Ian MacPherson, left, executive director of the P.E.I. Fishermen’s Association, says a board meeting will be held in the next two weeks to decide how to proceed with a vote on a lobster marketing levy for P.E.I. Also pictured is Craig Avery, a member of the association’s board of directors.

©THE GUARDIAN/Heather Taweel

The executive director of the P.E.I. Fishermen’s Association told provincial MLAs they are proceeding with a vote on a lobster marketing levy.

Ian MacPherson appeared before the Standing Committee on Fisheries on Wednesday afternoon.

“We’re having a board meeting in the next week or two and we’re going to highlight our question and get that out to the LFAs (Lobster Fishing Areas),’’ MacPherson told the media after getting the same message across to the committee. “We’ll try to get their read on that and move forward.’’

He’s talking about the exact wording of the question that will ask Island fishermen whether they’re in favour of a levy. The North Shore (LFA 24) has already voted in favour of it.

The Maritime Lobster Panel has recommended a one-cent-per-pound levy for both fishermen and processors as a way to raise funds for marketing strategies. Such a levy would generate up to $500,000 for lobster marketing initiatives here, if matched by processors and buyers.

Last week, the Nova Scotia government announced a five-cent levy within its boundaries as a way to initiate more sales. The plan is to levy two cents a pound for generic marketing efforts and three cents a pound for a quality pilot project to realize greater economic return and expand new markets.

If fishermen in all three areas say yes, and the fishermen’s association believes they will, the next step would be to set up a lobster marketing board and that would require an Islandwide vote.

MacPherson said part of the reason they want to create a board is for transparency. People will want to know how the money is being spent.

“They would want a detailed business plan and (information on) who is administering the program.’’

MacPherson said he’s optimistic it could all happen by next spring.

“In a perfect world it would have been done before the spring but there are a lot of other issues we’re dealing with, too, not just the levy.’’

Craig Avery, a member of the board of directors with the association and the head of the Western Gulf region, also appeared before the committee.

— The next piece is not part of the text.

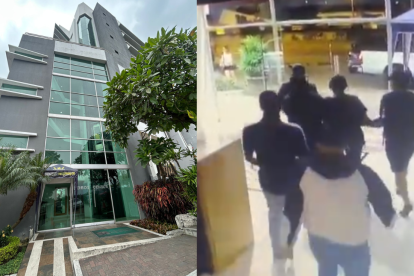 El secuestro quedó grabado en cámaras de seguridad del edificio ubicado en Ceibos.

Avery and MacPherson also noted for MLAs it would be nice to have more than one or two processors at the discussion table to offer input.

“If we can have those meetings again it would be great to have more players represented at the table going forward,’’ MacPherson said. “At the end of the day you want people who are willing to be there.’’

They also talked to the MLAs about setting a minimum price for lobster.

“That’s the question, whether we can do it on our own or have it legislated. I guess we would have to see if that’s the direction P.E.I. wants to go in.’’

On the issue of additional cold and live storing of lobsters, Alberton-Roseville MLA Pat Murphy asked whether there should be one at each port or a centralized facility.

Avery said ideally there would be one for each area.